Uitgaande van de stelling van gedaagden in punt 10 van hun conclusie na comparitie “Quality Planning en QPH hebben dan ook tot ver in 2008 [..] aan hun verplichtingen jegens crediteuren voldaan” mag worden aangenomen dat, indien de (indirect) bestuurder [gedaagde 1] in de eerste helft van 2008 zou hebben nagegaan welke aanspraken [eiser] op dat moment onder de Overeenkomst jegens QPH kon doen gelden, zoals van een bestuurder mag worden verwacht, QPH haar toenmalige verplichtingen zou hebben kunnen nakomen, ook die voor de in 2008 verschuldigd geworden uitkoopsom.

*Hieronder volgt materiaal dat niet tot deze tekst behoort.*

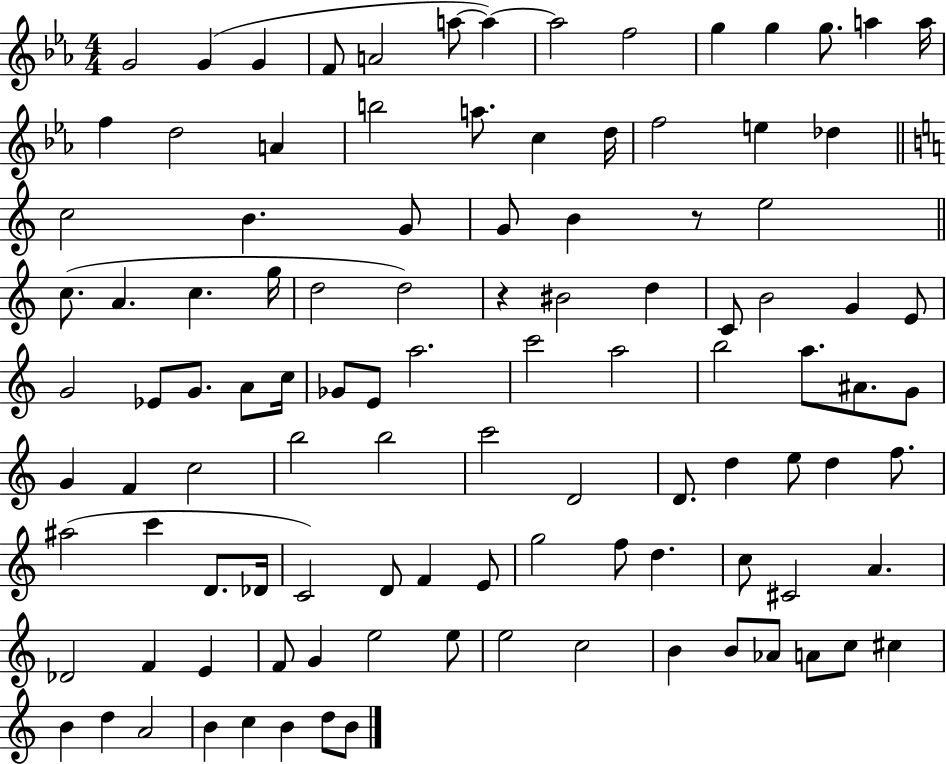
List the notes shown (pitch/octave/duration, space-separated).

G4/h G4/q G4/q F4/e A4/h A5/e A5/q A5/h F5/h G5/q G5/q G5/e. A5/q A5/s F5/q D5/h A4/q B5/h A5/e. C5/q D5/s F5/h E5/q Db5/q C5/h B4/q. G4/e G4/e B4/q R/e E5/h C5/e. A4/q. C5/q. G5/s D5/h D5/h R/q BIS4/h D5/q C4/e B4/h G4/q E4/e G4/h Eb4/e G4/e. A4/e C5/s Gb4/e E4/e A5/h. C6/h A5/h B5/h A5/e. A#4/e. G4/e G4/q F4/q C5/h B5/h B5/h C6/h D4/h D4/e. D5/q E5/e D5/q F5/e. A#5/h C6/q D4/e. Db4/s C4/h D4/e F4/q E4/e G5/h F5/e D5/q. C5/e C#4/h A4/q. Db4/h F4/q E4/q F4/e G4/q E5/h E5/e E5/h C5/h B4/q B4/e Ab4/e A4/e C5/e C#5/q B4/q D5/q A4/h B4/q C5/q B4/q D5/e B4/e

Het gaat dan om drie maal (2006, 2007 en 2008) de vaste uitkoopsom van € 45.378,-, derhalve € 152.387,31. De over de vaste uitkoopsom verschuldigde BTW vormt voor [eiser], een ondernemer, geen schadepost.
Vast staat dat het bestuur van QPH er niet voor heeft gezorgd dat [eiser] in 2008 werd betaald, terwijl QPH naar de stellingen van gedaagden toen wel haar andere crediteuren betaalde.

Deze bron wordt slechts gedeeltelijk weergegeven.